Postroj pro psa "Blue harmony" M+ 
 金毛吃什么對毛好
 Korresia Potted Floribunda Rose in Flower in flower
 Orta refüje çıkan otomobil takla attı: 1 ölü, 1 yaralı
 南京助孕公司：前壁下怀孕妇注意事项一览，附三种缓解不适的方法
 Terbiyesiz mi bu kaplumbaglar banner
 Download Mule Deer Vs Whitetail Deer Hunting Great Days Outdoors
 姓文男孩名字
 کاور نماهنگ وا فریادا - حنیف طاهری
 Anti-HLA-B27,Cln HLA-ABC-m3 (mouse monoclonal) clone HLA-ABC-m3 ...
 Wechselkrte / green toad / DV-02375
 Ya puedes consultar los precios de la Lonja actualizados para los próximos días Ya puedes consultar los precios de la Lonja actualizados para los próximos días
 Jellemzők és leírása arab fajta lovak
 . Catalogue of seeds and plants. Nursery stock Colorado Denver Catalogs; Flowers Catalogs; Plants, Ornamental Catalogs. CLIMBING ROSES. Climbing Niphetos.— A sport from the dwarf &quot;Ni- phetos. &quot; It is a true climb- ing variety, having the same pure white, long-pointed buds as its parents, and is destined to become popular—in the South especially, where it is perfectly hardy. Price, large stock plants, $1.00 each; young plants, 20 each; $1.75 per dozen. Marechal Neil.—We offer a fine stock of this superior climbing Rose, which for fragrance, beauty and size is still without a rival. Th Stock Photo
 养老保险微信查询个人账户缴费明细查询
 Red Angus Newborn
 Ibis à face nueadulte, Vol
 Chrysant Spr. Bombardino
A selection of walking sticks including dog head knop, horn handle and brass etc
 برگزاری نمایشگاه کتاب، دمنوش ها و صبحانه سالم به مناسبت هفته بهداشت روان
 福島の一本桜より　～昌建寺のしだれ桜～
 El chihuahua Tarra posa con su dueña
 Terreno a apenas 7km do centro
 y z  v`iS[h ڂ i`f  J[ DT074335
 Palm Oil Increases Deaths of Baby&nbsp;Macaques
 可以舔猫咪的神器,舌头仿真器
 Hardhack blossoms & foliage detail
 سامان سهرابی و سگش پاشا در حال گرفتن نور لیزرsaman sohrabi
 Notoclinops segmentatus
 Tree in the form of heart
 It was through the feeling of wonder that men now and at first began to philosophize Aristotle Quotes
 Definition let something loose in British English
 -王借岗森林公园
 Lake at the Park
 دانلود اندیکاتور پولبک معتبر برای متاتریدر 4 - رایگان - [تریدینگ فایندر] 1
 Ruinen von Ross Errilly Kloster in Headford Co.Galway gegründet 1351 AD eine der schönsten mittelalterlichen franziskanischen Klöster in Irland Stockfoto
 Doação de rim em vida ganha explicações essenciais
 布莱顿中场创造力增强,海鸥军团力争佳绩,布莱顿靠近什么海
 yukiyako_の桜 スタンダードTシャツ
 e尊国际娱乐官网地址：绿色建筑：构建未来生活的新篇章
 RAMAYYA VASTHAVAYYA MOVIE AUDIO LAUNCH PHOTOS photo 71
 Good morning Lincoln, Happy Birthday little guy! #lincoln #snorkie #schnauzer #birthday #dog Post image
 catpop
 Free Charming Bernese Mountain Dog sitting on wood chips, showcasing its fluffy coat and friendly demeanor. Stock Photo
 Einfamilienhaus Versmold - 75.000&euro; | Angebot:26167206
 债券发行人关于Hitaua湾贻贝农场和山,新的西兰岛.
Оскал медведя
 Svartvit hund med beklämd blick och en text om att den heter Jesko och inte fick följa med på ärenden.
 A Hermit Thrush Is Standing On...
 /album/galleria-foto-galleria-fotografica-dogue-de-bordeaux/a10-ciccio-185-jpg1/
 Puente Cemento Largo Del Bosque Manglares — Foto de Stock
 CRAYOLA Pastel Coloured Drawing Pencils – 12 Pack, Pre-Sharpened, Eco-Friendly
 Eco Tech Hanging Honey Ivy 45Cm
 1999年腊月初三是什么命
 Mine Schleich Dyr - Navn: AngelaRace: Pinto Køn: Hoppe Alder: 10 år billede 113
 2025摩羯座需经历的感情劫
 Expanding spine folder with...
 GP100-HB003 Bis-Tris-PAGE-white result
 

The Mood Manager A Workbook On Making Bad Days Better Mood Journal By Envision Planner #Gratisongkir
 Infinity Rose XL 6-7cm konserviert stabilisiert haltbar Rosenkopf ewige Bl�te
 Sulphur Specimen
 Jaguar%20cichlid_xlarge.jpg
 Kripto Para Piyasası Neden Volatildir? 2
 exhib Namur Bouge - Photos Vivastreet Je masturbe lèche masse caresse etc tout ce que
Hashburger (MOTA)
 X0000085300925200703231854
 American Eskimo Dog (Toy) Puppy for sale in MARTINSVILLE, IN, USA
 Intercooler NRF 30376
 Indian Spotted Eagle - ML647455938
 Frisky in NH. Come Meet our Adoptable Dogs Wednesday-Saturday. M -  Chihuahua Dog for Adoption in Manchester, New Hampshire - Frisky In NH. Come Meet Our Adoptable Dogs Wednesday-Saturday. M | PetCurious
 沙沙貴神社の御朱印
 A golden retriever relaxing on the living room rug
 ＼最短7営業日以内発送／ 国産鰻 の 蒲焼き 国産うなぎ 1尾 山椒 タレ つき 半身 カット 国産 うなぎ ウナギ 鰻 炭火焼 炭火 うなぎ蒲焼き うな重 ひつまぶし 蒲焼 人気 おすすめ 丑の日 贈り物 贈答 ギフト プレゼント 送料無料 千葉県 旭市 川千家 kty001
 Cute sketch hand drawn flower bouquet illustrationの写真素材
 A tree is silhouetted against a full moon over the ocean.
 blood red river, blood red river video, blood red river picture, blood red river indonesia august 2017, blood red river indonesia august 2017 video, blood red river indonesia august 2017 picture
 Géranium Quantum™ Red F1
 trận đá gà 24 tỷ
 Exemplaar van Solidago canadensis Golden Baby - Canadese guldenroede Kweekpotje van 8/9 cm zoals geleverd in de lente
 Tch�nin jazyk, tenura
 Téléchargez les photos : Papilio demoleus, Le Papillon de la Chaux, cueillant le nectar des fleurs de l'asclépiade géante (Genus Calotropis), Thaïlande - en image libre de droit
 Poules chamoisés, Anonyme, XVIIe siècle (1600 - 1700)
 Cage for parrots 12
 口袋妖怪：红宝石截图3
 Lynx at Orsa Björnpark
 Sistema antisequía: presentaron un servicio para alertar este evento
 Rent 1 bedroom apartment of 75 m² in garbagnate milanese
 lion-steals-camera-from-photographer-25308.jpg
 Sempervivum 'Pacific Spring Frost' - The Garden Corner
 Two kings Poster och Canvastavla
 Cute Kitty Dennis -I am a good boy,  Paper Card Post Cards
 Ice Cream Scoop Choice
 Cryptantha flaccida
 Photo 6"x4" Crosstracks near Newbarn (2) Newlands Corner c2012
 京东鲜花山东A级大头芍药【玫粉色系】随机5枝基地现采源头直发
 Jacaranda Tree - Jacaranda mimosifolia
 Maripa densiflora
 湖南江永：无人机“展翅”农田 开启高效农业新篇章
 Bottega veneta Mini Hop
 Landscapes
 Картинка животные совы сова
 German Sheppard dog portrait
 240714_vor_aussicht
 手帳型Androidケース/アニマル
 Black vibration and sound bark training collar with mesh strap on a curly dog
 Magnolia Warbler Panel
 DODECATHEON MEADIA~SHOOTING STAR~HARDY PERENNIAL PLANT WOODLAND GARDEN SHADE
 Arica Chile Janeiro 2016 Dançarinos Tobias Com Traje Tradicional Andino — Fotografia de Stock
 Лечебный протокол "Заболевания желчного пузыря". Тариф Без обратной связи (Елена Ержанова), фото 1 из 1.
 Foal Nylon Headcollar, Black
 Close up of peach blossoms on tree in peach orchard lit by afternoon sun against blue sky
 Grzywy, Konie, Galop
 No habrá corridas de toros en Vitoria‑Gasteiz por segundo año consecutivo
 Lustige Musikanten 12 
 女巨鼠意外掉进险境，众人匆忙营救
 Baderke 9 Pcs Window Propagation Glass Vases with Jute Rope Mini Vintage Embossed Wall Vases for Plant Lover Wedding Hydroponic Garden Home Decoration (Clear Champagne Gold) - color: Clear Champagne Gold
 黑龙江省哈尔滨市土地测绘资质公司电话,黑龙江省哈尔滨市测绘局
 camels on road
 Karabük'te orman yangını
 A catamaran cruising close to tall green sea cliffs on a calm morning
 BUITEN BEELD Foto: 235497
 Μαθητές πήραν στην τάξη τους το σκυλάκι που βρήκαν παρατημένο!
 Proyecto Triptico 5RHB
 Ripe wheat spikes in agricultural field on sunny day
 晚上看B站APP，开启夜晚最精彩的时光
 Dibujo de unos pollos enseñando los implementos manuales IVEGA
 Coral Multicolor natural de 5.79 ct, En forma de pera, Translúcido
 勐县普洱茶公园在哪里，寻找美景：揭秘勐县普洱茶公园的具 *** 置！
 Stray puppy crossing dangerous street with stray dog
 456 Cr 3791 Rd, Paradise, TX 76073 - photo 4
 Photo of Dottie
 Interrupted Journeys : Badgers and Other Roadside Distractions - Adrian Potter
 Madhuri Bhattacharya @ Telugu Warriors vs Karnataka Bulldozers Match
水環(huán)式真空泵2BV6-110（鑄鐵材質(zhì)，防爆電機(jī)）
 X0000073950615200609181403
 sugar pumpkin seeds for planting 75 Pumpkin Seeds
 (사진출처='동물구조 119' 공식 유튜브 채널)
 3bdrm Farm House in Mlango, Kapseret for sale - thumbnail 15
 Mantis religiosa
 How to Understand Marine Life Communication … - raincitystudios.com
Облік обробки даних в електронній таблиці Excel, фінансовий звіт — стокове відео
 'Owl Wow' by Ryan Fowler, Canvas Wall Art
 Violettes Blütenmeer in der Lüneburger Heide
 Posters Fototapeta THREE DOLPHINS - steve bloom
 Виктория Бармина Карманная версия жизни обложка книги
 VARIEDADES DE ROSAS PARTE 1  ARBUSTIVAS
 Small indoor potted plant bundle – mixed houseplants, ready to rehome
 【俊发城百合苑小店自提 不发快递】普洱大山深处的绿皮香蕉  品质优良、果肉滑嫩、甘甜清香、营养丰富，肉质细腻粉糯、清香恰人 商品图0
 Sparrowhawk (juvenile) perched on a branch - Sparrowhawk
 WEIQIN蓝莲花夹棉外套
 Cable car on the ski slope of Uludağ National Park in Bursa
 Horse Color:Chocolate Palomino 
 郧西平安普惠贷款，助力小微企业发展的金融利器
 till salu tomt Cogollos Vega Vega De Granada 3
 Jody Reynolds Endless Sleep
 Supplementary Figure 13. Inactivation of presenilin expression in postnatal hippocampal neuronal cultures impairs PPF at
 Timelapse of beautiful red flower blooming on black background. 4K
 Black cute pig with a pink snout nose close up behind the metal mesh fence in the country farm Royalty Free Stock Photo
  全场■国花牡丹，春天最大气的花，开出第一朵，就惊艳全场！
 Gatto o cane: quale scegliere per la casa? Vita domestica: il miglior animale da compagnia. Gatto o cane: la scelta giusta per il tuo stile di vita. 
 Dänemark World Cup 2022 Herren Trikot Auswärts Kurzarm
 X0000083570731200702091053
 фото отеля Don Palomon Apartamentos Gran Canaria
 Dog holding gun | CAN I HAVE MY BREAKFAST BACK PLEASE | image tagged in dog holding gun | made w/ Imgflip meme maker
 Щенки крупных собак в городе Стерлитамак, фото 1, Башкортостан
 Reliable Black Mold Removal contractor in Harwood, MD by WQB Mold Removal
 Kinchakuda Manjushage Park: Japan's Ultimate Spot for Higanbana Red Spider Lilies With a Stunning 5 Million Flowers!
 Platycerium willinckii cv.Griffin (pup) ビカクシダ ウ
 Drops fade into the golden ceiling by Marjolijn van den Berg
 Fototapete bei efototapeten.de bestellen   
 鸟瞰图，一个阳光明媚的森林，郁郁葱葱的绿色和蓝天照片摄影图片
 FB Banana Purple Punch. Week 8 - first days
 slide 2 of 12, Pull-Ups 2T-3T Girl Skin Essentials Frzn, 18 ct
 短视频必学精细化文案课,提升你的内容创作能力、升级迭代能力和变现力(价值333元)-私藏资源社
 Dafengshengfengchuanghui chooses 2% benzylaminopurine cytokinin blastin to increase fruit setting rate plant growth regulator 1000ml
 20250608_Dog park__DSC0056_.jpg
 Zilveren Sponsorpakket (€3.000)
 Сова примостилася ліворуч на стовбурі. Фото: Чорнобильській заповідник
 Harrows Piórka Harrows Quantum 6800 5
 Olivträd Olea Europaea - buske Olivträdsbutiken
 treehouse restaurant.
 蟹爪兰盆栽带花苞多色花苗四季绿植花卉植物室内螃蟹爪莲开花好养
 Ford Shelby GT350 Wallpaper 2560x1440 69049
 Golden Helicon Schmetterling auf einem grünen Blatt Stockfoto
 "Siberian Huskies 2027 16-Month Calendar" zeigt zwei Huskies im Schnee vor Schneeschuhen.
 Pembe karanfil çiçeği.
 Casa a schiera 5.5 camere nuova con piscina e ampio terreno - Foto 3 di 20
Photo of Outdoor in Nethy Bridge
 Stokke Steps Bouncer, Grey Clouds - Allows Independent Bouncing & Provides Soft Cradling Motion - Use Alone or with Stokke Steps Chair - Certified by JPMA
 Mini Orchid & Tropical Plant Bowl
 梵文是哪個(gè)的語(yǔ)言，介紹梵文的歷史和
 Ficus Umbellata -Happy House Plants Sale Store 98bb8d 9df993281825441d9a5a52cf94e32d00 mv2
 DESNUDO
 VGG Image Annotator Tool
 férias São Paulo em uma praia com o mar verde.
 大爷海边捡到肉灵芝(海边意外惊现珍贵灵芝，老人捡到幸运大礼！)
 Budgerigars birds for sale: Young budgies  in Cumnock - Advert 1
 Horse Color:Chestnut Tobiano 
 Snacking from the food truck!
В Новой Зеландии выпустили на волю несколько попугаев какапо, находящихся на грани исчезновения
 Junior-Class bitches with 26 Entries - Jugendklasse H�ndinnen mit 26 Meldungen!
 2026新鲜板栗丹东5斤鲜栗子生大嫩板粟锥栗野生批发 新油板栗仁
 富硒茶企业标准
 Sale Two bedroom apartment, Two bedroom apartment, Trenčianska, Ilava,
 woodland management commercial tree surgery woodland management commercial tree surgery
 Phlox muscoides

════════════════

**TASK TO CARRY OUT**
Above are the records; from them, give again exactly the lines from the one containing "Coral Multicolor natural" through the one containing "sugar pumpkin seeds", both included.

**EXERCISE OUTPUT**
 Coral Multicolor natural de 5.79 ct, En forma de pera, Translúcido
 勐县普洱茶公园在哪里，寻找美景：揭秘勐县普洱茶公园的具 *** 置！
 Stray puppy crossing dangerous street with stray dog
 456 Cr 3791 Rd, Paradise, TX 76073 - photo 4
 Photo of Dottie
 Interrupted Journeys : Badgers and Other Roadside Distractions - Adrian Potter
 Madhuri Bhattacharya @ Telugu Warriors vs Karnataka Bulldozers Match
水環(huán)式真空泵2BV6-110（鑄鐵材質(zhì)，防爆電機(jī)）
 X0000073950615200609181403
 sugar pumpkin seeds for planting 75 Pumpkin Seeds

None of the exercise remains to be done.